How Do You Control Creeping Charlie?

Anyone who’s suffered a Creeping Charlie attack knows the difficulty of control. How did a plant get to be so weedy? Well, we have ourselves to thank. Early settlers brought this non-native plant to North America from Europe, as they felt it would make a hardy groundcover. And that it is. Unfortunately it escaped cultivation long ago, and now is one of the most tenacious weeds in the lawn and landscape.

Creeping Charlie, also known as Ground Ivy, Glechoma hederacea, is a winter-hardy perennial, spreading by creeping stems (stolons) that root as it goes. Blue-lavender flowers produce seed, giving it a second source of spreading. Creeping Charlie is a serious weed problem in lawns and flower gardens where it establishes. In lawns, the low-growing plant habit hugs the ground, escaping the lawn mower.

Control takes persistence. The following recommendations are based on information from University of Wisconsin, University of Minnesota and North Dakota State University.

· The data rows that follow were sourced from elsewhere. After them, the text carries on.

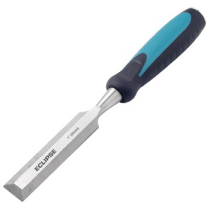 ECLISPSE BEVEL EDGE WOOD CHISEL 5/8" (16mm) BEWC5/8E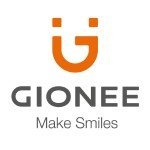 Gionee Announces Its New Brand Identity “Make Smiles” with KKR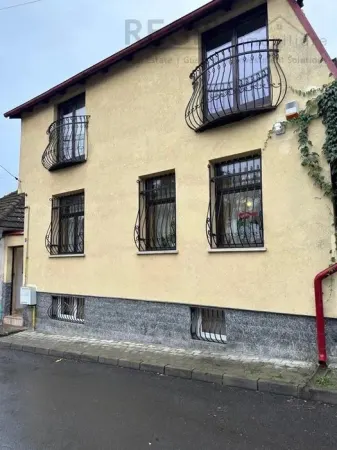 Casă 8 camere Brașov - poza 25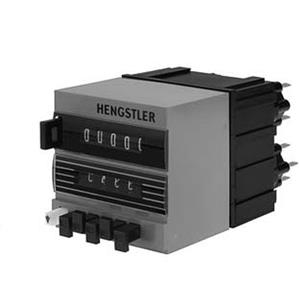Hengstler 0486764 Turkey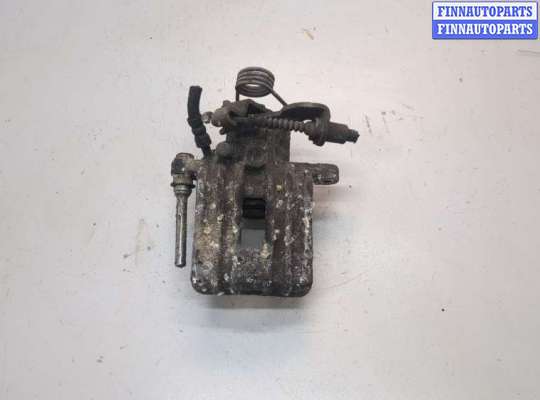 купить Суппорт на Audi A4 (B7) 2004-2009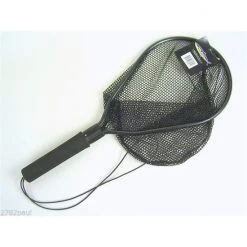 Wilson Live Well Bait Scoop -6 Inch Floating Handle With Eva Grip And Hand Strap 17 Wilson Live Well Bait Scoop -6 Inch Floating Handle With Eva Grip And Hand Strap -Outlet Fishing Accessories Store 333bs 5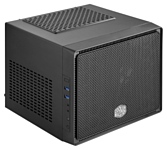 Cooler Master Elite 110 (RC-110-KKN2) Black Cooler Master Elite 110 (RC-110-KKN2) Black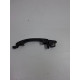 Maner exterior portiera spate dreapta spate VOLKSWAGEN TOURAN 1T1, 1T2 2003 - 2010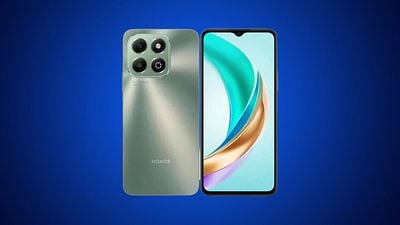 image de la news Appareil photo 50MP, 128Go de mémoire... Le smartphone HONOR n°1 des ventes sur Amazon est-il encore en stock ce dimanche ?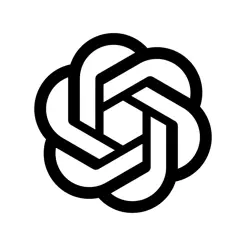 ChatGPT APP截图 1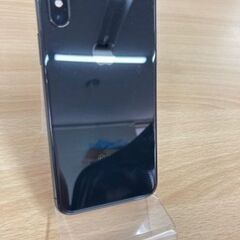 年末SALE】【40,800円→29,800円】iPhoneX 256GB SIMロック解除済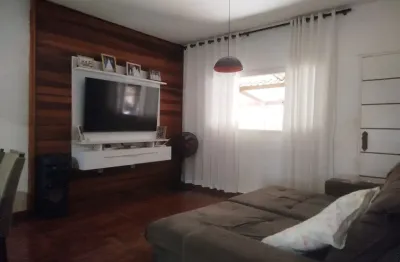 Chácara / sítio com 2 quartos à venda no Condomínio Nossa Senhora de Lourdes (Zona Rural), São José do Rio Preto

  • One of the more effective herbicides for control of Creeping Charlie is the active ingredient triclopyr. The main headline of the herbicide package won’t say triclopyr, but look at the fine print ingredient label, and it will be listed as the active ingredient.
  • Spray triclopyr at least twice per year, at two key times: (1) in spring or early summer, particularly when the small blue flowers appear, and the plant is actively and freshly growing. (2) Apply triclopyr spray again in September, especially after the first light frost. This fall application is very important, as weeds are moving material (including the weed killer) down into their roots for winter storage.
  • Triclopyr is a broadleaf weed killer, killing broadleaf plants, but not harming lawngrass.
  • In landscapes or flowerbeds, herbicides must be spot-applied, as chemicals that kill Creeping Charlie will also kill broadleaf perennials and plants.
  • Always follow the directions on the label.
  • Spray on days with temperatures in the mid-70’s.
  • Control by digging is difficult, but might be the only solution in perennial flowers or landscapes. Perennial flowers can be dug out in early spring or fall, set aside, and the Creeping Charlie treated with herbicide or dug out. Care must be taken to remove every sprig of stems.
  • Borax has been touted as control for Creeping Charlie. University research showed that Borax doesn’t provide long-term control, and it has the potential to damage the lawngrass, making it a non-recommended method.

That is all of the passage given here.